Wavelets and adaptive data analysis

21 Oct 2017

For data that have a high signal-to-noise ratio, a nonparametric, adaptive method might be appropriate. In particular, we may want to fit the data to functions that are spatially imhomogenous, i.e., the smoothness of the function $f(x)$ varies a lot with $x$.

In this post, we will discuss wavelets, which can be used an adaptive nonparametric estimation method. First, we will introduce some background on function spaces and Fourier transforms, and then we will discuss Haar wavelets, a specific type of wavelet, and how to construct wavelets in general.

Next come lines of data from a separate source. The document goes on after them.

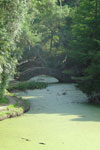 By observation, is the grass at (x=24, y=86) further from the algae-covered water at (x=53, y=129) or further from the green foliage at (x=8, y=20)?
the green foliage at (x=8, y=20)

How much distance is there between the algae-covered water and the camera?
6.75 metres

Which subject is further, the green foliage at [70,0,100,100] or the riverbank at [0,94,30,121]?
the green foliage at [70,0,100,100]

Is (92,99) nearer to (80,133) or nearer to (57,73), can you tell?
(80,133)

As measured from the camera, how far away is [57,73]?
1045 inches

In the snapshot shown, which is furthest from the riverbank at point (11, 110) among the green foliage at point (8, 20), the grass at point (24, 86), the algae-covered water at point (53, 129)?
the grass at point (24, 86)

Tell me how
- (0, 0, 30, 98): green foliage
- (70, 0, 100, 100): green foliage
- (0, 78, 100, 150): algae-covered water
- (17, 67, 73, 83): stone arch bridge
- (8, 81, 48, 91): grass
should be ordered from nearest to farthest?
(0, 78, 100, 150): algae-covered water → (0, 0, 30, 98): green foliage → (70, 0, 100, 100): green foliage → (8, 81, 48, 91): grass → (17, 67, 73, 83): stone arch bridge

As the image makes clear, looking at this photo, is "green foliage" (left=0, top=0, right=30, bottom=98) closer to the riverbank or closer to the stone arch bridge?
the riverbank

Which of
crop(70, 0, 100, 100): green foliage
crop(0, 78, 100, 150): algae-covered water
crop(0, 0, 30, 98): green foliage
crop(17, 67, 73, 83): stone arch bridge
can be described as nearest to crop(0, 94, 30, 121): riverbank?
crop(0, 78, 100, 150): algae-covered water

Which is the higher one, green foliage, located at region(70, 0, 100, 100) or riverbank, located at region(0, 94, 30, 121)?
green foliage, located at region(70, 0, 100, 100)

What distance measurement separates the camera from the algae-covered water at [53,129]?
6.75m

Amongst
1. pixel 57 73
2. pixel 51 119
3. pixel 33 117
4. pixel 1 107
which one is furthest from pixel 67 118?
pixel 57 73

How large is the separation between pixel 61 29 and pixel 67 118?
78.9 ft

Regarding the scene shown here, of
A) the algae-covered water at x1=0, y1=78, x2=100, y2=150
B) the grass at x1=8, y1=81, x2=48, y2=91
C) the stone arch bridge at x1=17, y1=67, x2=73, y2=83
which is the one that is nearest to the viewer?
the algae-covered water at x1=0, y1=78, x2=100, y2=150

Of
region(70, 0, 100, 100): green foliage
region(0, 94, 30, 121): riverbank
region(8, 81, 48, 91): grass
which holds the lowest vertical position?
region(8, 81, 48, 91): grass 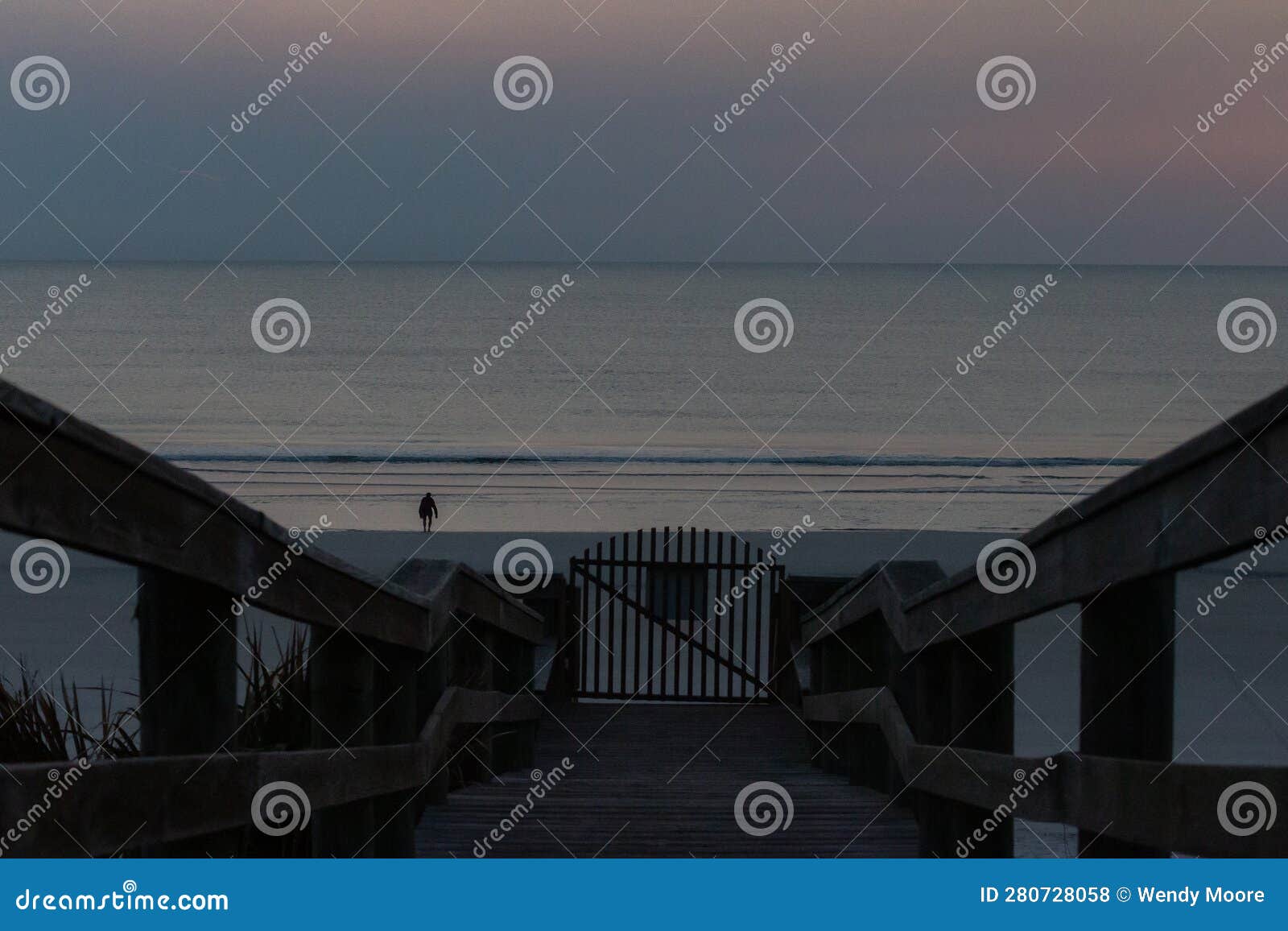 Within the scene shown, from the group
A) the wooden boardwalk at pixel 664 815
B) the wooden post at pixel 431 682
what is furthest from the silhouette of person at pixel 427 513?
the wooden post at pixel 431 682

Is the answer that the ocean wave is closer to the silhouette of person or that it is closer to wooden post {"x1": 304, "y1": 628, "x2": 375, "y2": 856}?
the silhouette of person

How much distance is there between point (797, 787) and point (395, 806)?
264 centimetres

This presentation follows Wasserman [2], but I’ve included some additional code and images.

Preliminaries

Function spaces

Let $L_2(a,b)$ denote the set of functions $f : [a,b] \rightarrow \mathbb{R}$ such that \[ \int_a^b f^2(x) dx < \infty.\] For our purposes, we will assume $a=0,b=1$. The inner product of $f,g \in L_2(a,b)$ is defined as \[ \langle f,g \rangle := \int_a^b f(x) g(x) dx, \] and the norm of $f$ is defined as \[ || f || = \left( \int_a^b f^2(x) dx \right)^{\frac{1}{2}}. \] A sequence of functions $\phi_1,\phi_2,\ldots$ is orthonormal if $||\phi_j|| = 1 $ for all $j$ (i.e., has norm 1), and $ \int_a^b \phi_i(x) \phi_j(x) dx = 0, \,\, i \neq j$ (i.e., orthogonal).

A complete (i.e., the only function orthogonal to each $\phi_j$ is the 0 function) and orthonormal set of functions form a basis, i.e., if $f \in L_2(a,b)$, then $f$ can be expanded in the basis in the following way: \[ f(x) = \sum_{j=1}^\infty \theta_j \phi_j(x), \] where $\theta_j = \int_a^b f(x) \phi_j(x) dx $.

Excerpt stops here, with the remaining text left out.